The story begins 15 years ago. Google had a strategic problem. The company had focused on dominating the desktop search market. Google needed an industrial-strength booster for its business because smartphones, especially the iPhone, were relentlessly eating its corporate lunch. Google bought Android Inc. in 2005 to extend its dominance over search — some might say its monopoly — to these mobile platforms. It worked — Android’s market share has hovered around 85 percent for many years, with well over 2 billion Android devices.

But how Google acquired that industrial boost for Android is the core issue in the Oracle case. After acquiring Android, Google tried to make a license deal for Sun Microsystems’ Java operating system (later acquired by Oracle). Google didn’t like Sun’s deal. So Google simply took a verbatim chunk of the Java declaring code, and walled off Android from Java. That’s why Google got sued and that’s why the case is before the court. Google has been making excuses for that industrial-strength taking ever since.

Why would a public company engage in an overt taking of Oracle’s code? The same reason Willie Sutton robbed banks. Because that’s where the money is. There are untold riches in running the Internet of Other People’s Things.

Google chose to take rather than innovate. Google’s supporters released a study of the self-described “fair use industries” — an Orwellian oxymoron, but one that Google firmly embraces. Google’s taking is not transformative but it is industrial strength.

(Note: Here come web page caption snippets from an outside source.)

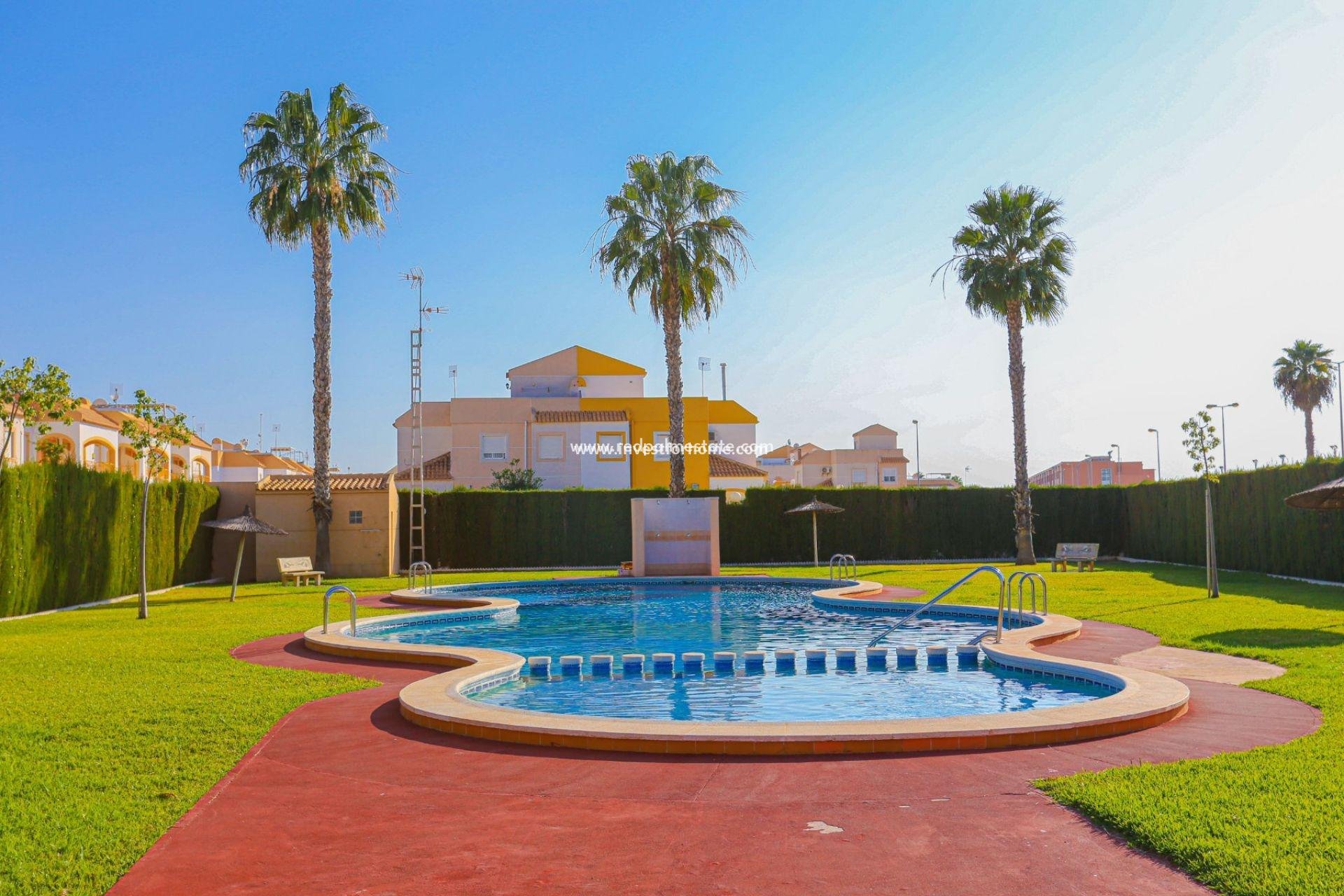 Videresalg - Bungalow -
Torrevieja - La Siesta - El Salado -  Torreta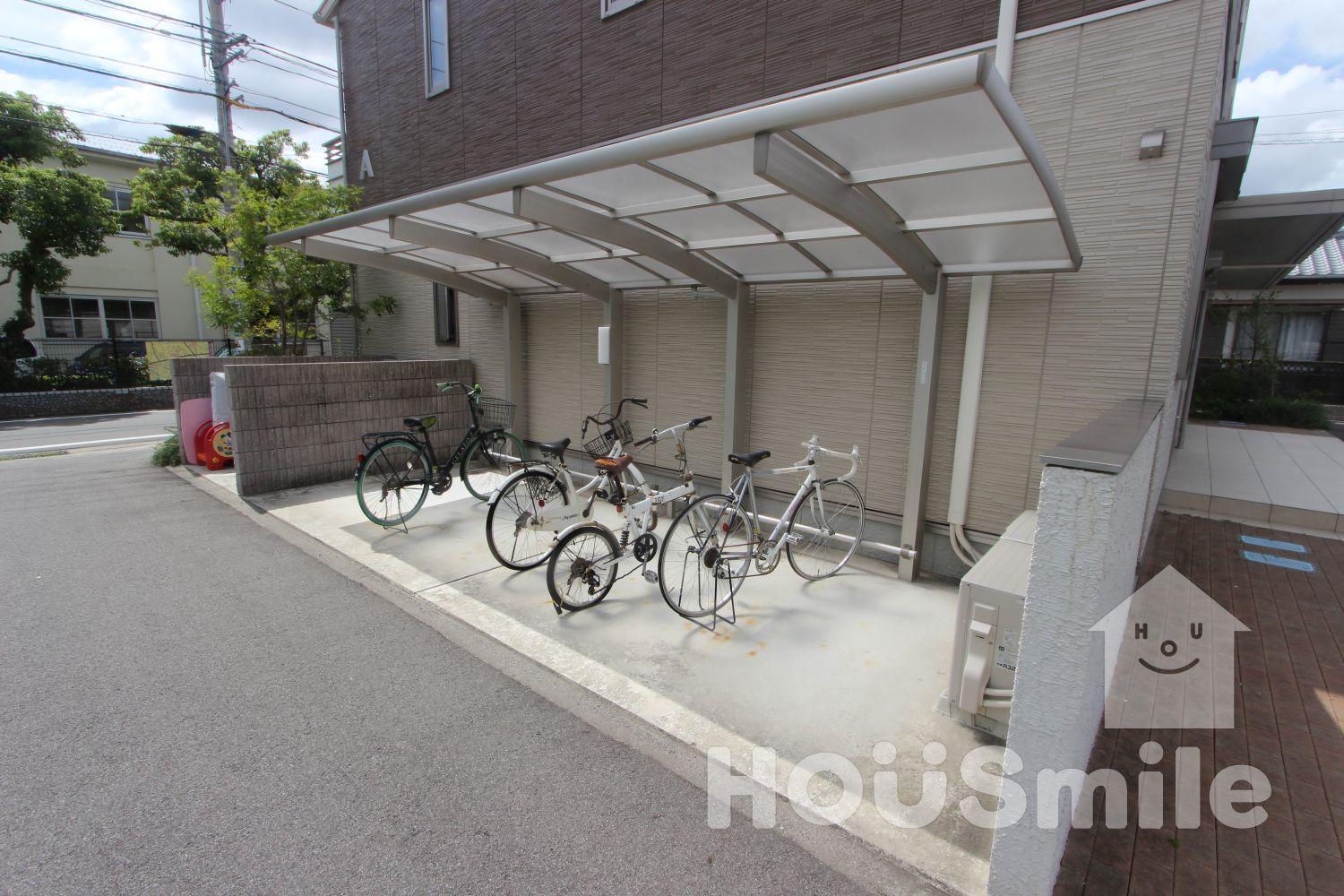 シャーメゾン城西C外観写真02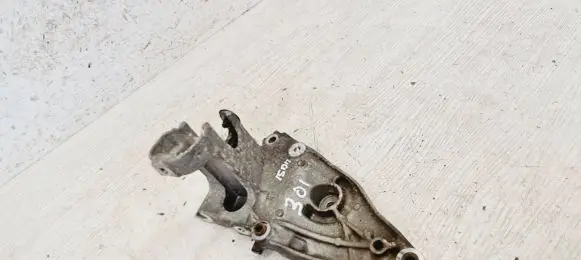 Peugeot 301 A/C compressor mount bracket 9808696880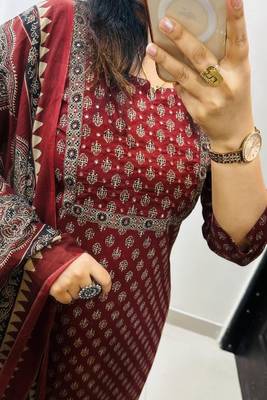 floral printed round neck  cotton kurta trouser set 4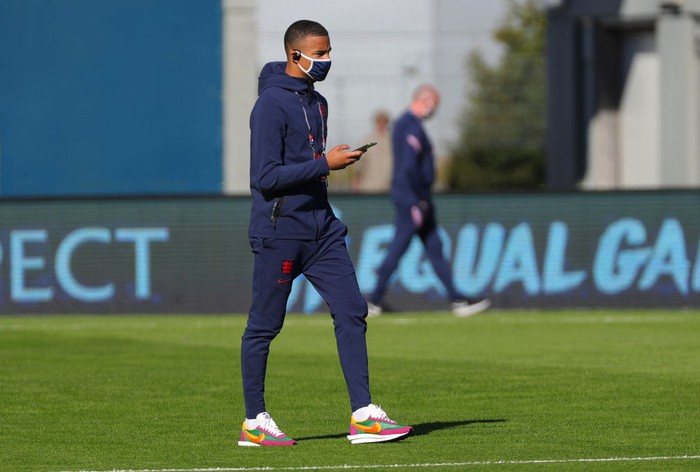 REYKJAVIK, ICELAND - SEPTEMBER 05: Mason Greenwood of England takes a look at the pitch prior to the UEFA Nations League group stage match between Iceland and England at Laugardalsvollur National Stadium on September 05, 2020 in Reykjavik, Iceland. (Photo by Haflidi Breidfjord/Getty Images)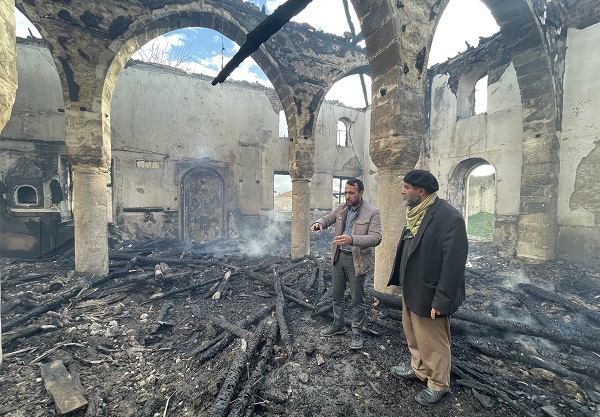 Foto - Sebebi belli oldu! Yanan camiden 3 gündür duman yükseliyor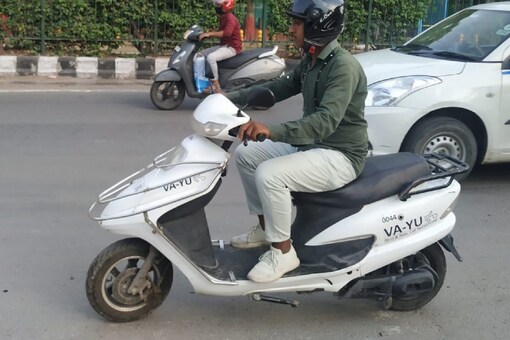 Va-Yu electric scooter spotted in Delhi.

We have seen this movie before. It’s called the value gap. It’s called a YouTube class-action brought by an independent composer. It’s called Google Books. It’s called 4 billion takedown notices for copyright infringement. It’s called selling advertising on pirate sites like Megaupload (as alleged in the Megaupload indictment). It’s called business as usual for Google by distorting exceptions to the rights of authors for Google’s enormous commercial benefit. Google now positions itself to the Supreme Court as a champion of innovation, but creators standing with Oracle know that for Google, “innovation” has become an empty vessel that it fills with whatever shibboleth it can carelessly manipulate to excuse its latest outrage.

Let’s remember that the core public policy justification for the fair use defense is to advance the public interest. As the leading fair use commentator Judge Pierre Leval teaches, that’s why fair use analysis is devoted to determining “whether, and how powerfully, a finding of fair use would serve or disserve the objectives of the copyright.” You can support robust fair use without supporting Google’s position.

Google would have the court believe that its fair use defense absolves it from liability for the industrial-strength taking of Oracle’s copyright — because somehow the public interest was furthered by “promoting software innovation,” often called “permissionless innovation” (a phrase straight out of Orwell’s Newspeak). Google would have the court conflate Google’s vast commercial private interest with the public objectives of copyright. Because the internet.

How the Supreme Court rules on Google’s fair use issue will have wide-ranging implications across all works of authorship if for no other reason than Google will dine out for years to come on a ruling in its favor. Photographers, authors, illustrators, documentarians — all will be on the menu.

Despite Google’s protestations that it is really just protecting innovation, what is good for Google is not synonymous with what is good for the public interest — any more than “what’s good for General Motors is good for America,” or more appropriately, “what’s good for General Bullmoose is good for the USA.”